My friend Charlie Pierce, whose wickedly snarky style is to be envied in these situations, similarly advised that we all calm down. In a piece for the Web site Grantland just prior to the suspension order, Pierce wrote,
“1. I think [Brady] knew damned well what was going on with those footballs. I think his categorical denial at the January press conference was what my old journalism school dean would have called a “barefaced non-fact.” I think he should be suspended two games. And then, good god, people, we should all get on with our lives.

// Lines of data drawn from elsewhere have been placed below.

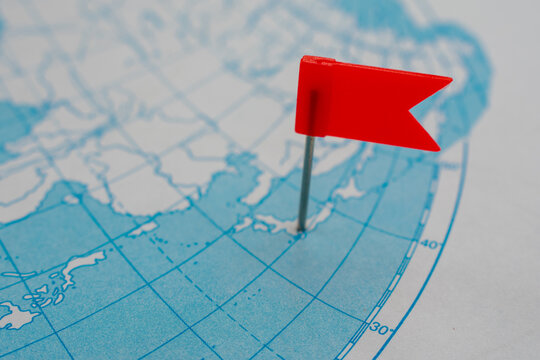 Breaking news from Japan concept. Red flag on map of Japanese islands. Earthquake or tsunami alert or some other accident attention.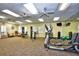 Well-equipped fitness center featuring various exercise machines, free weights, and ample space for workouts at 24317 Kintail Ct, Punta Gorda, FL 33980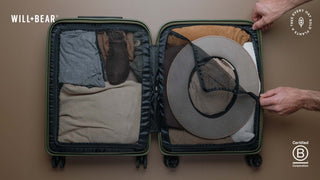 Hat packed neatly in the a suitcase which is open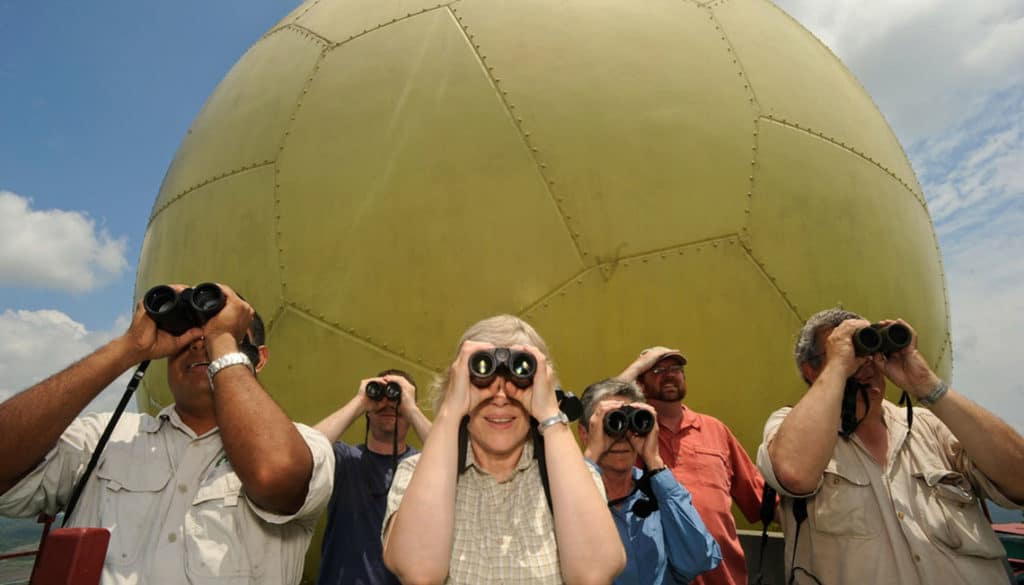 Birders on top of Canopy Tower looking through binoculars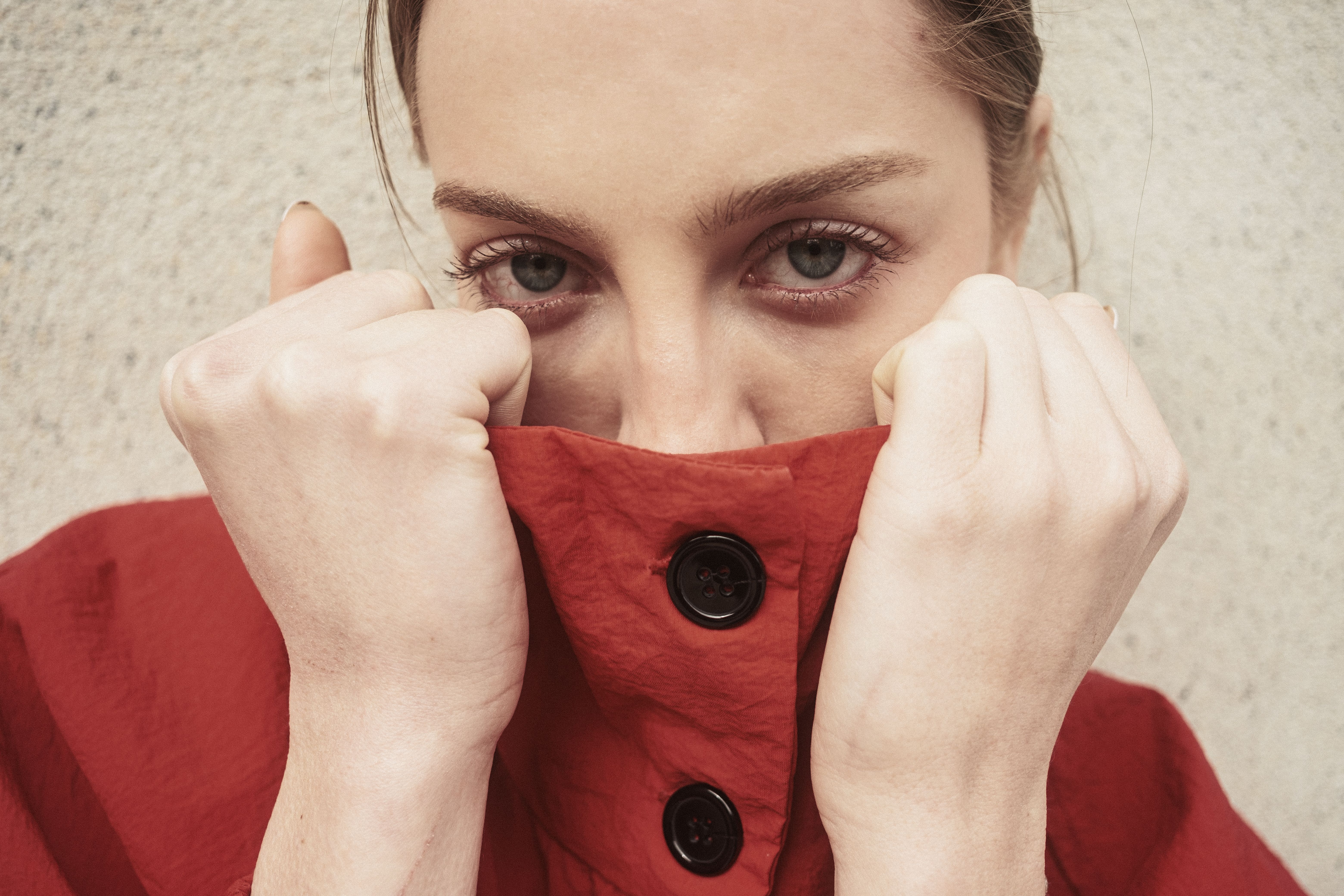 Close-up of a woman in a red coat showing a mysterious expression with a wall background.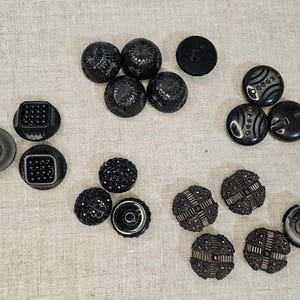 May include: A collection of various black buttons with different designs. Some buttons are round with textured surfaces, while others are square or have decorative patterns. The buttons are arranged on a neutral-colored fabric.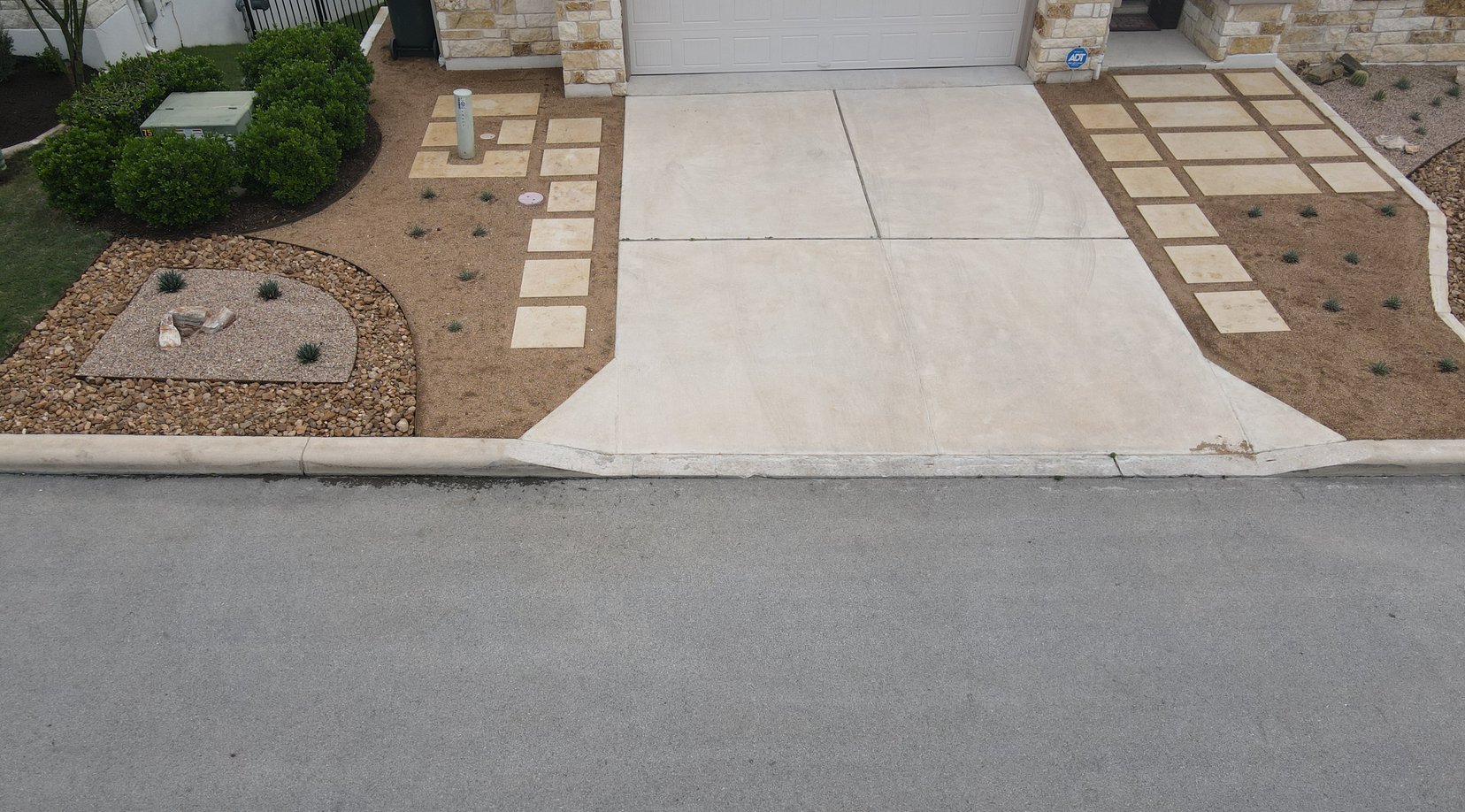 Cream pavers and ornamental grasses lining the driveway approach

“2. I think anyone who advocates a more serious punishment than that, and anyone who equates Brady with Lance Armstrong or Barry Bonds, is a dangerous child who should be kept away from the public for the same reason we keep toddlers out of the cutlery….”
Meanwhile, back to the “more probable than not” guilt assigned to Brady, the face of the Patriots and—to some extent—the face of the NFL: “What it means in real life,” Abrams said, “is, ‘It could be, maybe it’s not, I’m not too sure.’ It’s 51-percent sure. Which means it’s 49 percent not sure.
“But ‘more probable than not’ is used in civil actions, not criminal actions, for damages in car accidents or breach-of-contract or actions involving real property. Does the evidence [against Brady] meet that standard? Ted Wells [the lawyer who authored the report on the deflation investigation] is a wonderful attorney. Known him for 30 years. I value his work.
“On the other hand, people are picking that report apart.”
In the end, Abrams said, this was “not a legal decision but a policy decision: What’s best for the business?” So what the NFL had to decide was whether it wanted to open the 2015 season on national television—New England vs. Pittsburgh—without the sport’s biggest star? Or wanted to risk, by some relatively meek penalty, reinforcing the notion that rules are not quite the same for superstars?
Either way, what has been aired out, with those footballs, is some of the game’s dirty laundry.